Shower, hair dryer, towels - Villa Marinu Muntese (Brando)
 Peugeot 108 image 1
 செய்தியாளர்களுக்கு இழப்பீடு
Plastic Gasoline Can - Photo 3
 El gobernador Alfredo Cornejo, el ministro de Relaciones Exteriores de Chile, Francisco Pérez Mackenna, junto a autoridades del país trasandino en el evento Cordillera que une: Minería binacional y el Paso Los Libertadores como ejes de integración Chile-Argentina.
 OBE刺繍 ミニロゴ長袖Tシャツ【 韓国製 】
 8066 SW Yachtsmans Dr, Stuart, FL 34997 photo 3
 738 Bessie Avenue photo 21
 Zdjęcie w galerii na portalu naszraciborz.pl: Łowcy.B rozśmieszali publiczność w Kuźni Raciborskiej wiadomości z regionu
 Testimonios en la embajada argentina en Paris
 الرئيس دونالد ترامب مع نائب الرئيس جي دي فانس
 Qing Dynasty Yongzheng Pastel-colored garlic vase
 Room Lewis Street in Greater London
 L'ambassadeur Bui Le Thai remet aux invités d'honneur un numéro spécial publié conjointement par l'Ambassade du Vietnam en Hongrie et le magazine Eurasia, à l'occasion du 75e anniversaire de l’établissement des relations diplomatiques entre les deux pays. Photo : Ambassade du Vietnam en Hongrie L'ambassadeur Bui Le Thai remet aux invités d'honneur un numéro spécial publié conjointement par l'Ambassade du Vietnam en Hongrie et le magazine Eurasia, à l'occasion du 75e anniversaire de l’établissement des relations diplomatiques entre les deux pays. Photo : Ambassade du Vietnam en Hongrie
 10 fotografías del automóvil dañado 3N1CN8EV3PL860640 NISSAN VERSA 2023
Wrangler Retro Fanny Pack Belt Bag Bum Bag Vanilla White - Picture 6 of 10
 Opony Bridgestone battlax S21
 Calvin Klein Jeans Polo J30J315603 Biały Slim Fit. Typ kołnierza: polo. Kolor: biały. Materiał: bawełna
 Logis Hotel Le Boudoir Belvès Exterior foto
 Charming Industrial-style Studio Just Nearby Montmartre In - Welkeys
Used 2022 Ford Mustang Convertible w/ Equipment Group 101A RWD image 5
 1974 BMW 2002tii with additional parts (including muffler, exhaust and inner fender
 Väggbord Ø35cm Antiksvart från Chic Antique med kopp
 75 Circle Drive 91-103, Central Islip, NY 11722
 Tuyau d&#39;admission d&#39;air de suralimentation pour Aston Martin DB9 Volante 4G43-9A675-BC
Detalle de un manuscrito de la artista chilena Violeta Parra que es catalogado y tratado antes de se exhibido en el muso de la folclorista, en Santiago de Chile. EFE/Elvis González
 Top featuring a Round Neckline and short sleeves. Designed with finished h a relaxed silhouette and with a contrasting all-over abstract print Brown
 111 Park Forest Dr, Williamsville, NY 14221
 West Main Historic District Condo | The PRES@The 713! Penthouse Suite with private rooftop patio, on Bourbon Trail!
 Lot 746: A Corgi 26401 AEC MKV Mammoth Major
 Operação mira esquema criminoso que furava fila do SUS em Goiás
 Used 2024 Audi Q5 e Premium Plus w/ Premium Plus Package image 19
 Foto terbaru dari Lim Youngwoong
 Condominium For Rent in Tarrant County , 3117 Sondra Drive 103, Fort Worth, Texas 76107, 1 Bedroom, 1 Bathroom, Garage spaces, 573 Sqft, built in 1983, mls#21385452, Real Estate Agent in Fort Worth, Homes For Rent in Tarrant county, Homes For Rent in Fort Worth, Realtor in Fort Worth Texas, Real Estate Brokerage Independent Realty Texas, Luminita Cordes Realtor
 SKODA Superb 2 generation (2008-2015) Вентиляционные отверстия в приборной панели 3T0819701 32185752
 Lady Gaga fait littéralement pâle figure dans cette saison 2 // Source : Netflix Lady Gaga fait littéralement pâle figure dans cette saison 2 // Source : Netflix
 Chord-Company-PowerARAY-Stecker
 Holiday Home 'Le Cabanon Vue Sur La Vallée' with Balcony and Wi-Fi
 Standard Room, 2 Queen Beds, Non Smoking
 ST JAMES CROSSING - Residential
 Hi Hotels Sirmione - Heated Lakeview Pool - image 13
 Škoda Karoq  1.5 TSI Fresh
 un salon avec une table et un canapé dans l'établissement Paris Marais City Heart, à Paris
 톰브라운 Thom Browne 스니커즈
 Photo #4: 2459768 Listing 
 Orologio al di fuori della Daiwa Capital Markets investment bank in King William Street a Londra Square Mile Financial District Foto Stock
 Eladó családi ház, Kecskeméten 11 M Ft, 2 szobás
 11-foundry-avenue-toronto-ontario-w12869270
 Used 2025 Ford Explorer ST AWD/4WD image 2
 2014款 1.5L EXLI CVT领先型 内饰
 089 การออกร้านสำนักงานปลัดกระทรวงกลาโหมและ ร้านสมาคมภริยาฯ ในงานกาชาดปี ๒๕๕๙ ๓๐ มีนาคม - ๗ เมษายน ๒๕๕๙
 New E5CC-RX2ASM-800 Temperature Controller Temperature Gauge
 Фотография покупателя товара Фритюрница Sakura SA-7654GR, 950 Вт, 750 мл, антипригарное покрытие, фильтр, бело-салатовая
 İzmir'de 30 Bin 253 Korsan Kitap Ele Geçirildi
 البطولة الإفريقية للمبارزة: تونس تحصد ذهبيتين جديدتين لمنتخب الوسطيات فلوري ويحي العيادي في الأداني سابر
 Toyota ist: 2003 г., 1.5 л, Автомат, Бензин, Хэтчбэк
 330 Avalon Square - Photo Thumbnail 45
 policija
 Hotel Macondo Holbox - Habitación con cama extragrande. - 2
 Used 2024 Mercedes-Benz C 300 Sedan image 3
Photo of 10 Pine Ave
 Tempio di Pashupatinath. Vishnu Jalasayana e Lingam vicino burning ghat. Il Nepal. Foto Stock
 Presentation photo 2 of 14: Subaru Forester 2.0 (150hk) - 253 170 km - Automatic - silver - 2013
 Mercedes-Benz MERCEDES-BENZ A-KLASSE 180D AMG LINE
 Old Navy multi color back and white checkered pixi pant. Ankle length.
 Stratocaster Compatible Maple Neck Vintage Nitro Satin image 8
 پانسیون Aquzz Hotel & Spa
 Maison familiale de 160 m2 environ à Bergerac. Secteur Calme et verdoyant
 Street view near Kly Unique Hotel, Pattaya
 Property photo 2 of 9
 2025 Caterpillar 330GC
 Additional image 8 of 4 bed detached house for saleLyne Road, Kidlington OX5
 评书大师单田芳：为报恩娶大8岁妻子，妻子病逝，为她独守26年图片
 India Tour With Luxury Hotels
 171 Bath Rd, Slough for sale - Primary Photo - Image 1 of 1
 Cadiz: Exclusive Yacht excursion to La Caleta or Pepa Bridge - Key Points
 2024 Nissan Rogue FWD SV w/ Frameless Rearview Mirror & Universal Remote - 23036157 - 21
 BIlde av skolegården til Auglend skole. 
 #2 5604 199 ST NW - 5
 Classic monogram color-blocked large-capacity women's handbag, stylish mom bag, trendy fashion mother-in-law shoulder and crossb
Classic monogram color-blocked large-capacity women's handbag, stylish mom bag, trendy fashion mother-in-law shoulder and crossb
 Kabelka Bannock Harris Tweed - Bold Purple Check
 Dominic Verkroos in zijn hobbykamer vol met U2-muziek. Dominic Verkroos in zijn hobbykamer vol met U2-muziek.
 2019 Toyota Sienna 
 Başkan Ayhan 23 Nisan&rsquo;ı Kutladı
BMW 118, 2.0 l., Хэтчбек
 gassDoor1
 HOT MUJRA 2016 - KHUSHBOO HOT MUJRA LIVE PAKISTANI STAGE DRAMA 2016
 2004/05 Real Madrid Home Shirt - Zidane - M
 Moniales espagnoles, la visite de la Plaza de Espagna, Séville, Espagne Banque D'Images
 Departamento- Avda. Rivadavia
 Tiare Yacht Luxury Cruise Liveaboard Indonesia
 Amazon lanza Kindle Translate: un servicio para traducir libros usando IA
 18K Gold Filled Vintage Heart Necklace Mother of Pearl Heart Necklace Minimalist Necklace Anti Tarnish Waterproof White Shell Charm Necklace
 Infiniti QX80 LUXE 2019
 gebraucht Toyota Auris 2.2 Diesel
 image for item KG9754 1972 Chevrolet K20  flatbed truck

▸ **WORK TO BE COMPLETED**
Go through the data and show every line where "fashion" occurs.

▸ **EXERCISE RESPONSE**
 Classic monogram color-blocked large-capacity women's handbag, stylish mom bag, trendy fashion mother-in-law shoulder and crossb
Classic monogram color-blocked large-capacity women's handbag, stylish mom bag, trendy fashion mother-in-law shoulder and crossb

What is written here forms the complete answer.